EU Approves Proposal to Impose Tariffs on Chinese Electric Cars

The European Commission announced on Friday (October 4) that it has received sufficient support from EU members to impose tariffs of up to 45% on imported electric cars from China. This move marks an important step taken before the final conclusion of the Commission’s anti-subsidy investigation.

The Commission, responsible for overseeing EU trade policy, has proposed the final tariff plan for the next five years after a year-long anti-subsidy investigation to address unfair subsidies from the Chinese government. According to EU rules, unless 15 EU countries representing 65% of the EU population vote against the plan, the Commission can impose tariffs over the next five years.

According to information provided by EU sources to Reuters, in the vote on Friday, 10 EU members supported the imposition of tariffs, 5 opposed, and 12 abstained.

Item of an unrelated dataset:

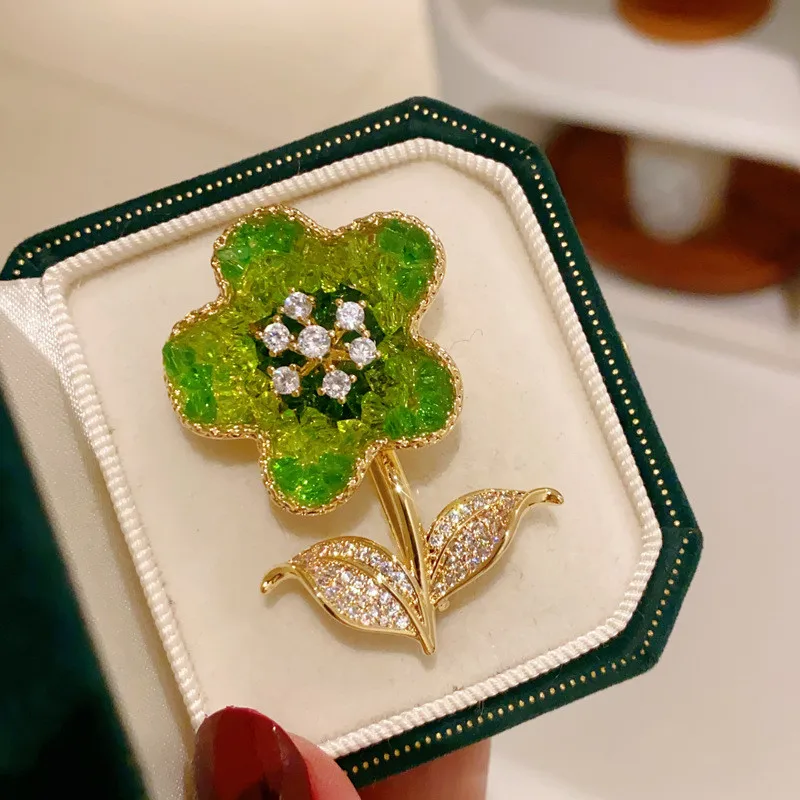 CC Trendy Brooch Gradient Green Zirconia Flower Corsage Clothes Pins Elegant Cardigan Shawl Buckle Dating Essential Shining B27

Reuters reported on Wednesday that the proposal is likely to be approved as France, Greece, Italy, and Poland are expected to support it. These four countries, representing 39% of the EU population, voting in favor means it has reached the threshold for approval.

The European Commission stated that it has received the “necessary support” to adopt the tariff proposal but will still negotiate with Beijing to seek alternative solutions.

The Commission’s implementing regulation must be published in the official gazette by October 30, 2024, which will include the final investigation results.

Sources revealed to Reuters that Germany, the EU’s largest economy and a major car-producing country, voted against the proposal in Friday’s vote. German car manufacturers nearly have one-third of their total sales in China. Volkswagen stated that imposing tariffs is a “wrong approach”.

Stellantis Group expressed support for free and fair competition, noting the industry is facing ambitious carbon reduction plans and pressures from the “China global business offensive”.

The European Commission highlighted that China has an annual excess capacity of 3 million electric cars that need to be exported, double the EU market. With the US and Canada imposing tariffs at 100%, it is evident that these electric cars will be exported to Europe.

Over the past five years, the EU’s stance towards Beijing has been increasingly assertive, viewing China as a competitor and systemic rival. Hungarian Prime Minister Viktor Orban stated on Friday that the EU is moving towards an “economic cold war” with Beijing.

The Chinese Ministry of Foreign Affairs did not immediately respond to Reuters’ request for comment. Beijing previously retaliated by initiating investigations into EU imports of brandy, dairy products, and pork this year.

The European Commission stated its willingness to continue negotiating with Beijing on alternative tariff solutions, potentially reconsidering price commitments – including minimum import prices and usual quantity limits. However, previous proposals from Chinese companies were rejected.

The current tariff rates range from 7.8% for Tesla to 35.3% for SAIC, and this applies to other companies deemed non-compliant with the EU investigation. These tariffs are on top of the EU’s standard 10% import tax for cars.